Scientists from Vanderbilt-Ingram Cancer Center (VICC) collaborated with researchers from New York to determine that 9/11 first responders to the World Trade Center have increased levels of mutations that escalate their risk for blood cancers or cardiovascular disease, according to a study published March 7 in Nature Medicine.
The researchers determined that a significantly higher percentage of World Trade Center responders have an increased mutational burden when compared to blood sample data from BioVU, Vanderbilt’s biorepository of DNA extracted from discarded blood collected during routine clinical testing. Among the World Trade Center firefighters, 10% had evidence of clonal hematopoiesis compared to 6.7% for firefighters who were not exposed to particulate matter from the burning skyscrapers. Clonal hematopoiesis is an age-associated phenomenon marked by mutations in commonly mutated genes within blood cells that provide those cells a competitive advantage and increases risk of blood cancer and cardiovascular disease.
The VUMC team was able to access the DNA of 203 Nashville firefighters from BioVU. The Vanderbilt team was able to use the de-identified, annotated data within the Synthetic Derivative (SD) to locate over 200 firefighters who were age, sex and smoking-status matched to first responders at the World Trade Center disaster. Combined with 52 firefighters recruited at the annual convention of the International Association of Firefighters, this control group was compared to those exposed to particulate matter at the World Trade Center disaster.
The VICC researchers were led by Michael Savona, MD, holder of the Beverly and George Rawlings Directorship in Hematology Research, professor of Medicine and Head of Hematology, Cellular Therapy and Stem Cell Transplantation at VICC.
“This is the first publication that I am aware of that successfully leveraged BioVU to measure somatic genetic changes to study clonal hematopoiesis,” said Savona, one of four corresponding authors on the study.
Alexander Silver, a MD/PhD candidate working in the Savona Lab, is one of seven lead authors of the study.
The research team included scientists and physicians from Vanderbilt, Albert Einstein College of Medicine, Montefiore Medical Center, the Fire Department of the City of New York Bureau of Health Services, Rutgers Cancer Institute of New Jersey, Weill Cornell Medicine, Memorial Sloan Kettering Cancer Center, Sylvester Comprehensive Cancer Center, New York University School of Medicine, Genoptix, The Leukemia Lymphoma Society and Dana Farber Cancer Center.
Researchers also exposed mice to World Trade Center particulate matter thought to be equivalent to what the first responders absorbed. The scientists observed a significant expansion of hematopoietic stem cells 30 days after exposure.
The researchers concluded that first responders to the World Trade Center have an increased mutational burden that puts them at greater risk for blood cancers beyond what normally occurs with aging, and further studies of the particulate matter and the mechanism of blood cancer development are under way.
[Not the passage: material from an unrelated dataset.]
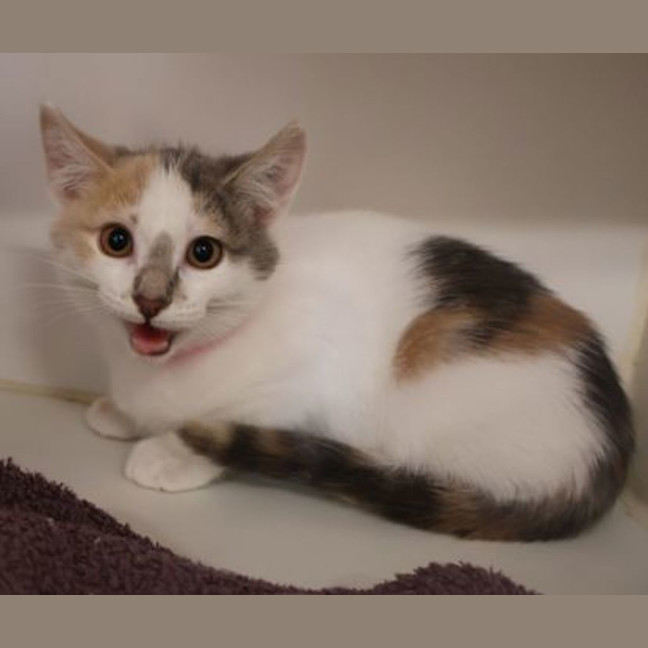 Photo of Raynah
The research work was supported by the National Institutes of Health, The Leukemia Lymphoma Society, EvansMDS (an initiative of the Edward P. Evans Foundation), the V Foundation for Cancer Research, the Adventure Alle Fund, The Biff Ruttenberg Foundation, the Beverly and George Rawlings Directorship, and a gift from the Dempsey and Leinbach Families.
Other Vanderbilt authors on the study included Cosmin “Adi” Bejan, PhD, assistant professor of Biomedical Informatics, and clinical fellows in Hematology/Oncology, Shannon Stockton, MD, and Travis Spaulding, MD.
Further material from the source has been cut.